Vertige(s) est un spectacle composite. Une succession de 3 formes, un travail sur et à partir du réel pour questionner de manière politique sociale et humaine notre société.

Effacé(e)
Jo et Ja vivent ensemble depuis de nombreuses années. Mais depuis quelques temps, Ja est malade. Les spécialistes l’ont dit : elle s’efface.
Inspiré d’un fait divers et de plusieurs témoignages, Effacé(e) évoque de manière poétique la maladie d’Alzheimer et toutes ces affections du cerveau devant lesquelles l’homme semble être impuissant.

Sacrifice
« Aujourd’hui il faut faire des sacrifices, mais au nom de quoi c’est ça la question ? ».
Sacrifice est une sorte de parabole de notre monde moderne ; D’un côté le riche, de l’autre le pauvre…

Richard D.
Qu’est-ce qui pousse un homme à rentrer dans un conseil municipal et à ouvrir le feu sur les conseillers municipaux ? La pièce retrace le parcours de Richard D, le jour de la tuerie, du petit matin jusqu’à son suicide.

« L’écriture de F. Arca présente plusieurs qualités. Elle est rapide, vive, nerveuse. Elle est également variée : les brefs échanges de répliques alternent avec de plus longs monologue de réflexion : on passe du réalisme au fantastique, voire à l’épouvante. Parfois ces différents styles sont à l’œuvre dans la même pièce. Cette œuvre pose avec une certaine force une grande question de société : la pulsion de mort. »
Comité de lecture présidé par L. Doutreligne. Influenscènes.

Note d'intention

Vertige(s) est une suite de 3 formes brèves qui racontent très simplement comment on peut basculer dans la vie… Inspirée de faits réels, chacune des histoires met en scène des personnages, qui confrontés à des situations pourtant banales, vont malgré tout basculer irrémédiablement (entre le monstrueux et l’extraordinaire).

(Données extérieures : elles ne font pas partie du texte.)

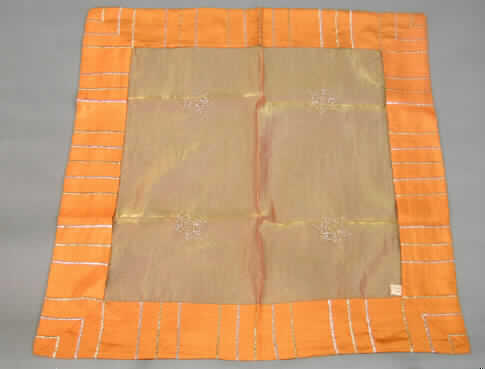 Tischwäsche (Mitteldecke), sog. Tischdecke Organza, siehe Foto,
- quadratisch, in den Abmessungen: ca. 85 cm x 85 cm,
- aus 0,1 mm dicken, einfarbigen, durchscheinenden Geweben (sog. Organza), 
  am Rand doppelt gearbeitet durch einen aufgenähten, 11,5 cm breiten Streifen 
  aus flachen Stickereien der Pos. 5810 mit einem Stickgrund aus 0,3 mm dicken, 
  einfarbigen Geweben; alle Flächenerzeugnisse aus lt. Antrag 
  100% synthetischen Chemiefasern,
- durch Zusammennähen konfektioniert,
- in der Mitte mit verschiedenfarbigen, aufgestickten Motiven (Sterne),
- wird üblicherweise regelmäßig gewaschen und kennzeichnet sich nach Material,
  Ausstattung und Verwendungszweck als Tischwäsche (Deckchen), somit keine Ware 
  zur Innenausstattung (Zierdecke) im Sinne der Position 6304,
- kein Festartikel der Position 9505, da die Ware einen eigenen Verwendungszweck hat.
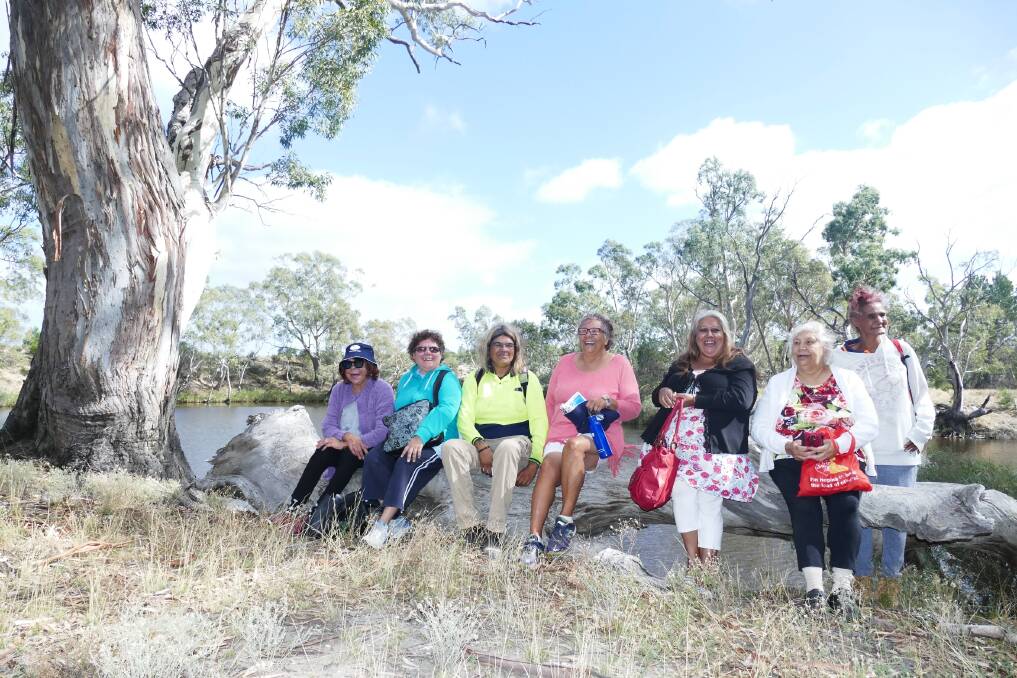 Heather Marks, Belinda Marks, Sharnie Hamilton, Hazel McDonald, Noelene Douglas, Faye Marks and Sandra Knight take a moment to relax by the Wimmera River in Dimboola during River Yarns last year. Immersive heritage specialist, virtual historian and artist Brett Leavy used information gathered on the tour to create the game Virtual River Yarns. Picture: CONTRIBUTED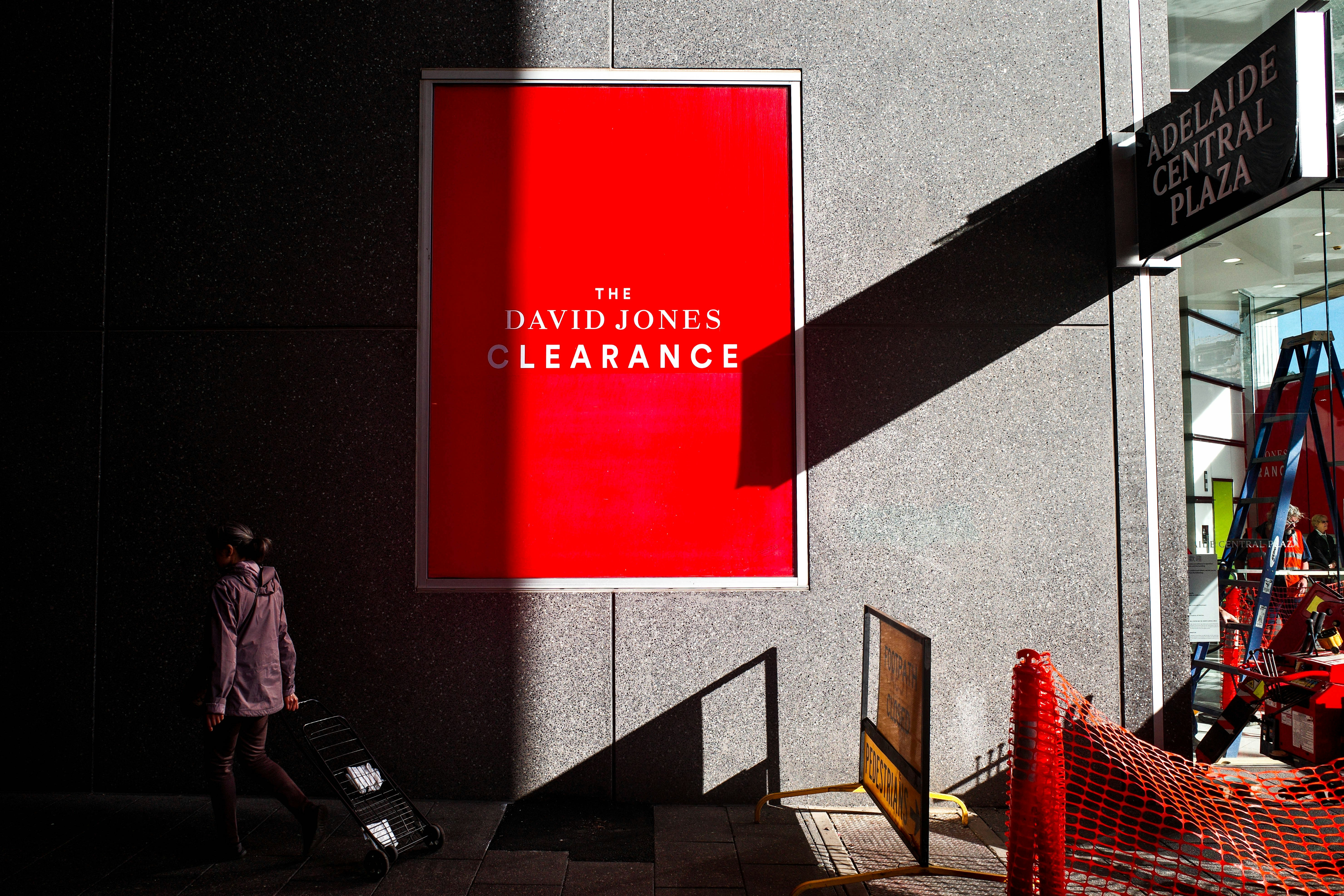 red and white wall mounted poster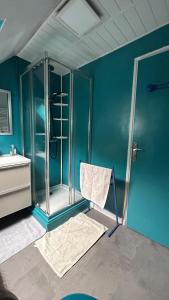 a bathroom with a glass shower and a chair at Entre terre et mer in Combrit +36 photos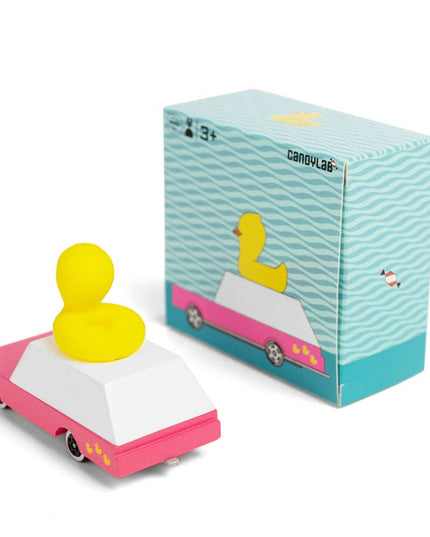 Yellow duck on a pink car with a blue box on a white background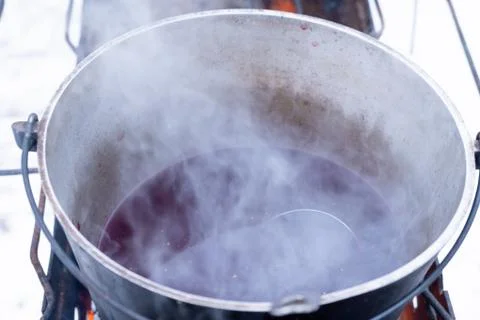 On a fire in a pot preparing mulled wine. Hot red wine on an open fire in win Stock Photos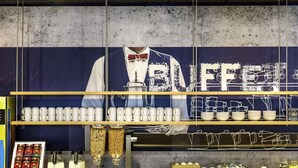 Una barra de bufet con un cartel grande que dice "BUFFET" y varios alimentos expuestos en estantes.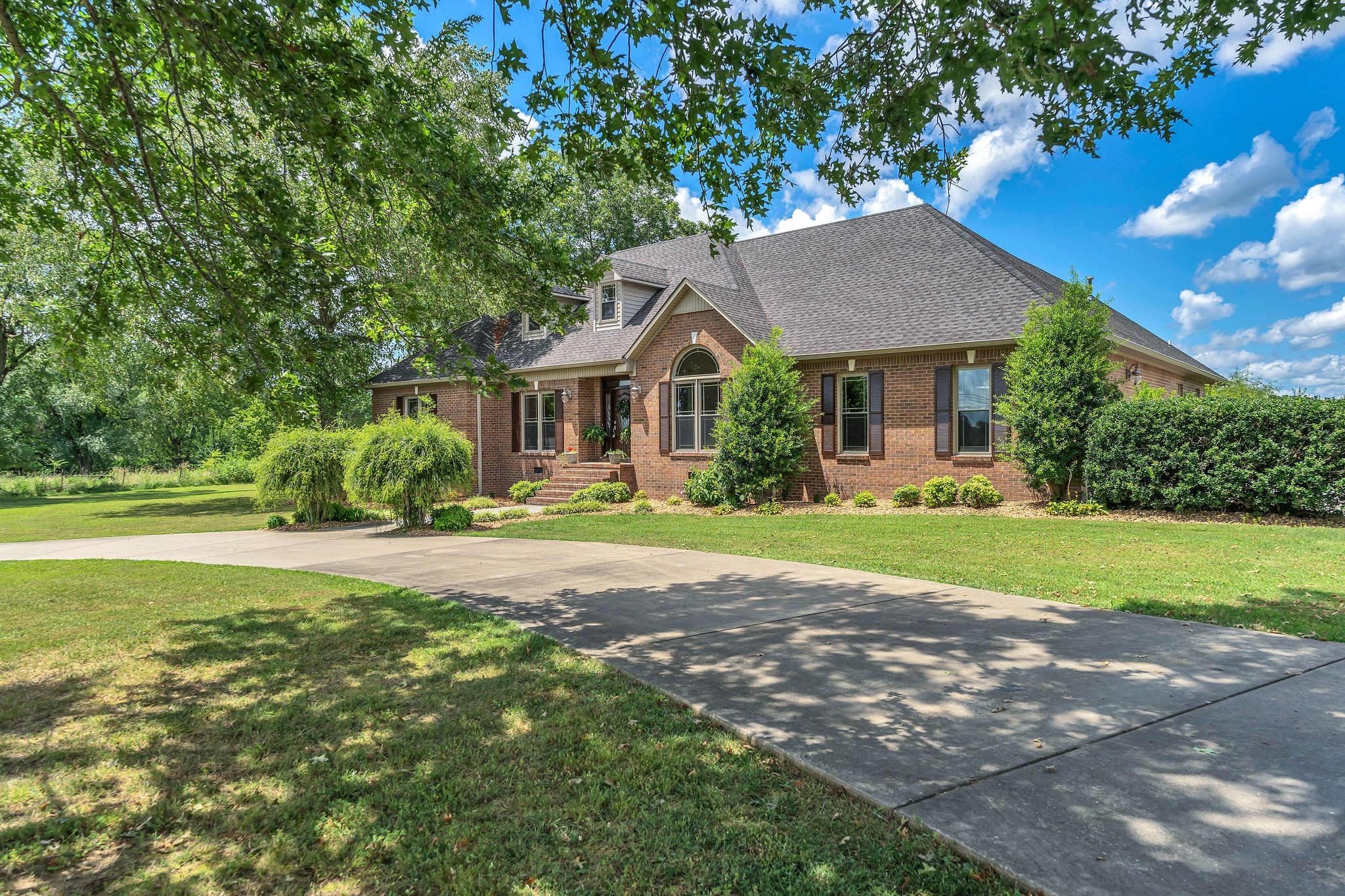 1395 Ragsdale Road Manchester, TN 37355 - Photo 1 of 52 a view of a house with a big yard plants and large trees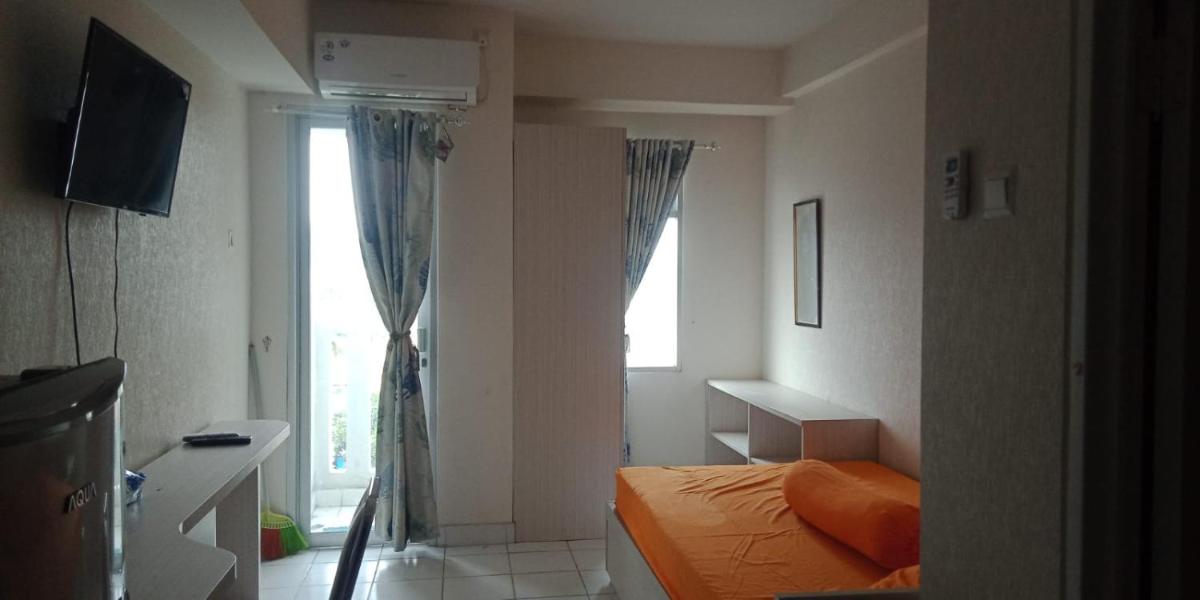 Suitetrails - Dramaga Tower Apartement Rendi Room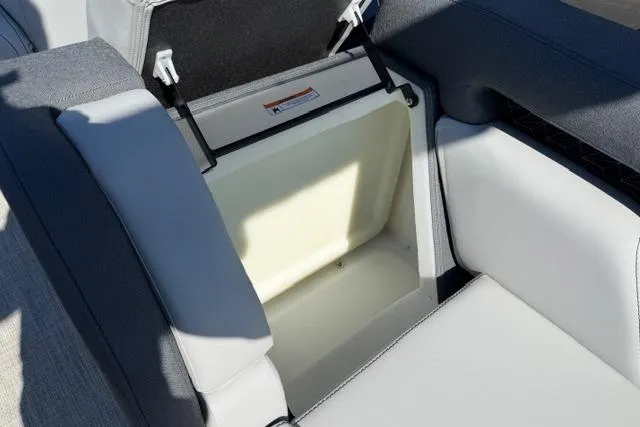 Slide: The Image of Open storage compartment in 2026 Alera M 23Q boat seat. - 19
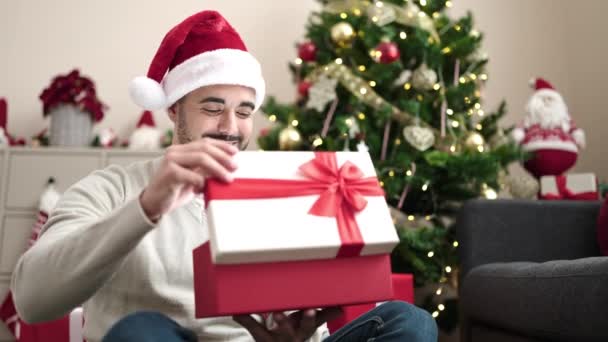 Jovem Hispânico Desempacotando Presente Sentado Árvore Natal Casa — Vídeo de Stock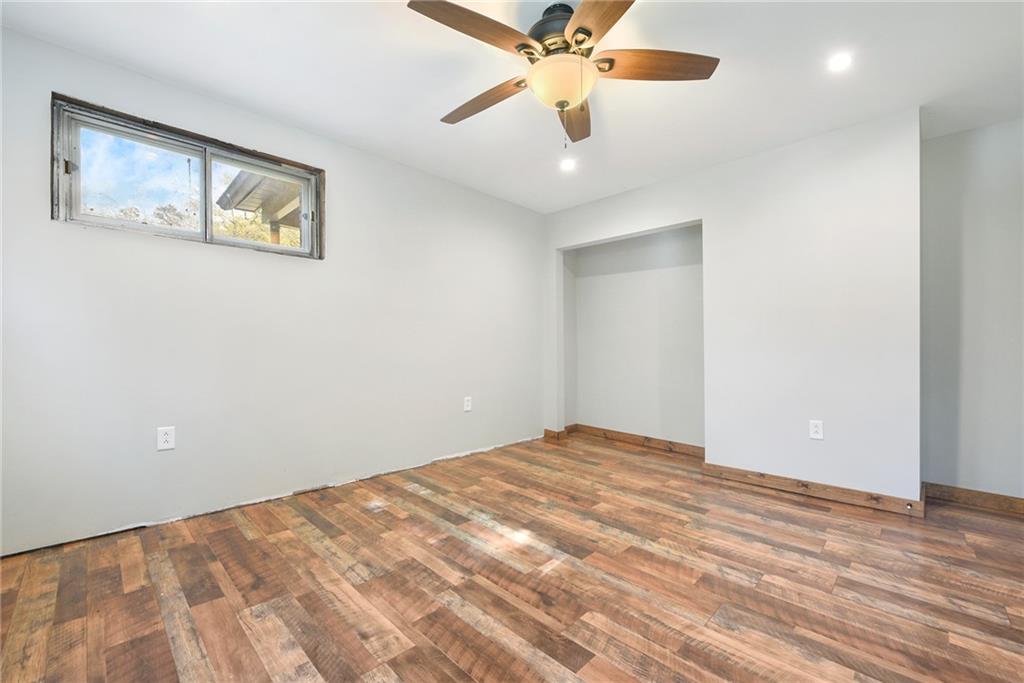 1190 Rte 481 Charleroi, PA 15022 - Photo 16 of 32 a view of an empty room with wooden floor and a ceiling fan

La forme brève est au théâtre ce que la nouvelle est au roman, ou encore ce que le haïku est à la poésie. Dans sa fulgurance, la forme brève évite le piège de l’ennui et nous contraint à dire l’essentiel. Plus qu’une esquisse, la forme brève marque l’esprit. C’est une forme abrupte, qui résonne (je pense aux nouvelles de Borges), et dont l’originalité est de créer du trouble. La forme brève nous semble être donc la meilleure forme pour parler de notre rapport au vertige.